→ Material shown
►
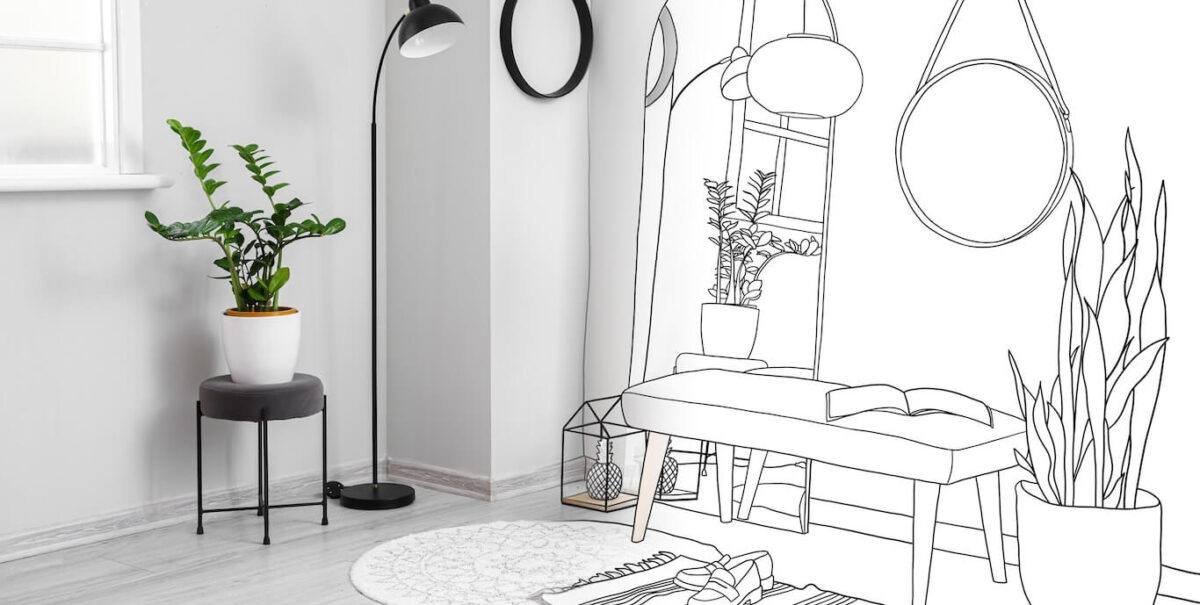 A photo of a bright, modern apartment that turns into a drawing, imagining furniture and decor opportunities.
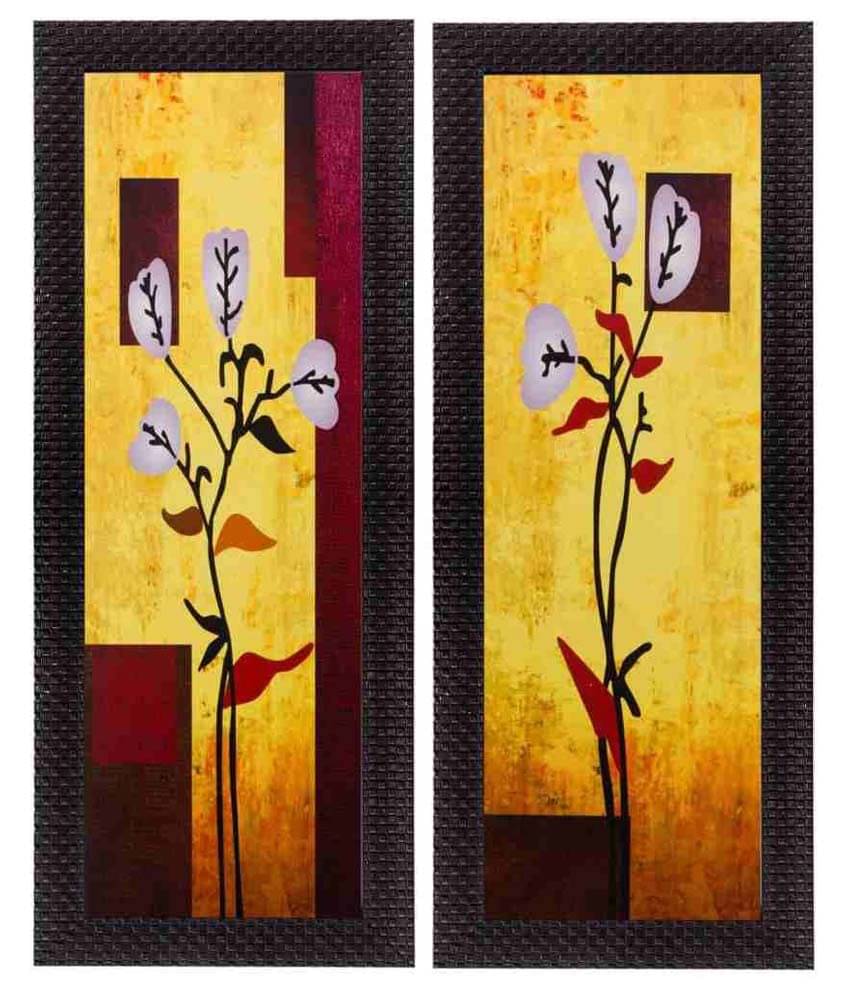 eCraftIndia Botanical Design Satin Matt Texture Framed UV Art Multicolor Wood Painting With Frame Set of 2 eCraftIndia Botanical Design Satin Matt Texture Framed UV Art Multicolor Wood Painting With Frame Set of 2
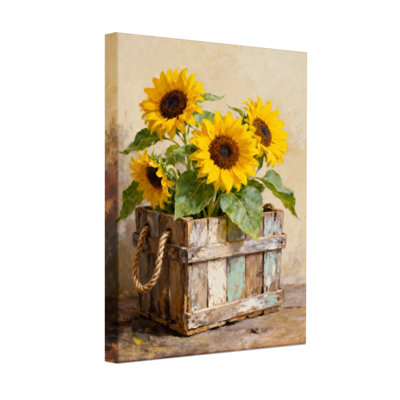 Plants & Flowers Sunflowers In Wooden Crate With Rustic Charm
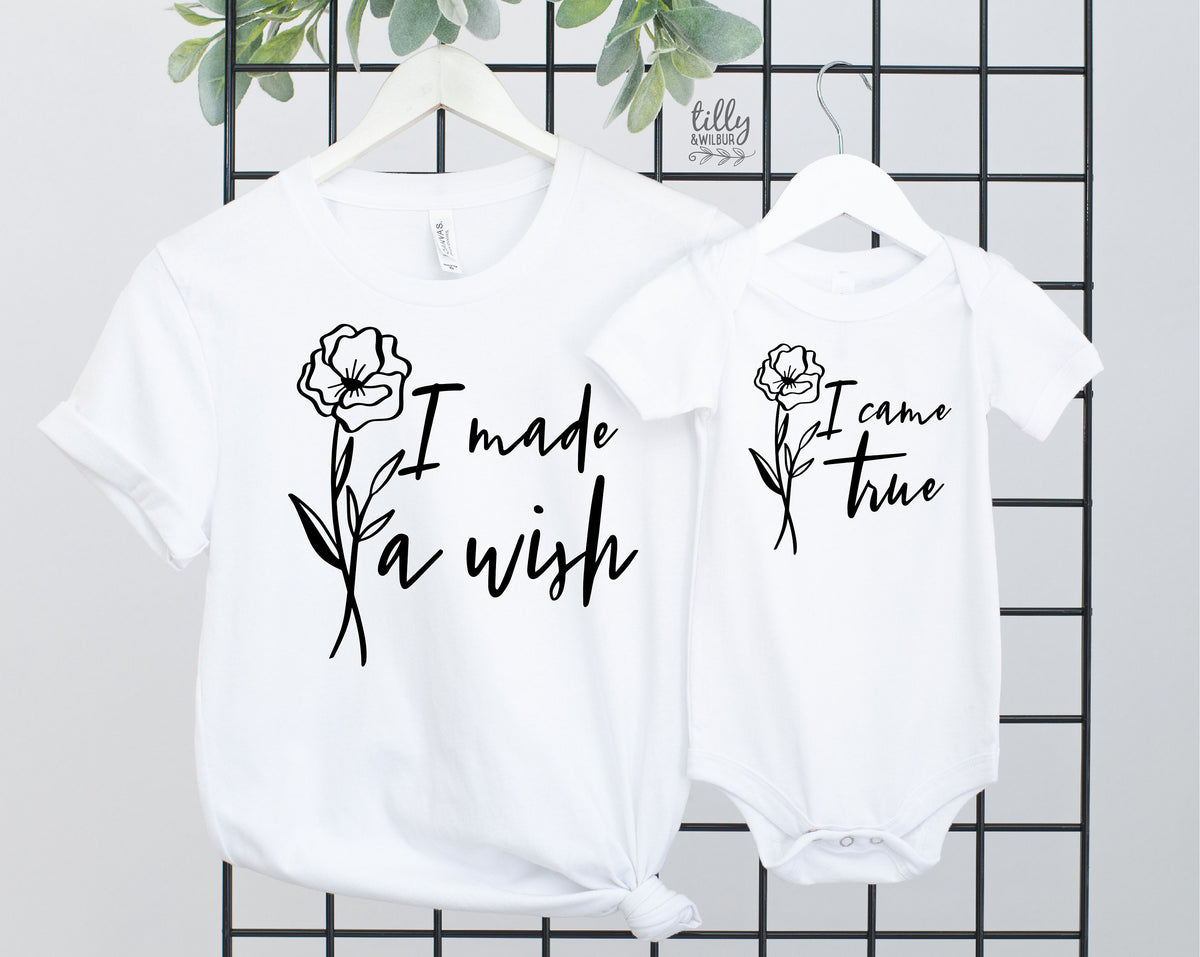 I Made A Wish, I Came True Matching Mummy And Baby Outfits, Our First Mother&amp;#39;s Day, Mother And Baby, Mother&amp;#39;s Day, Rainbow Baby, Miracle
◄
►
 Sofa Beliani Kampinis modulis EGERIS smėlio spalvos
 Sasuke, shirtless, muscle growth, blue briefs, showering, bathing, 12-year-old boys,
◄
→ Task objective
Among the lines above, find the one with "Sofa Beliani Kampinis" and the one with "Sasuke, shirtless, muscle". Quote both and everything between them, exactly.

→ Task output
 Sofa Beliani Kampinis modulis EGERIS smėlio spalvos
 Sasuke, shirtless, muscle growth, blue briefs, showering, bathing, 12-year-old boys,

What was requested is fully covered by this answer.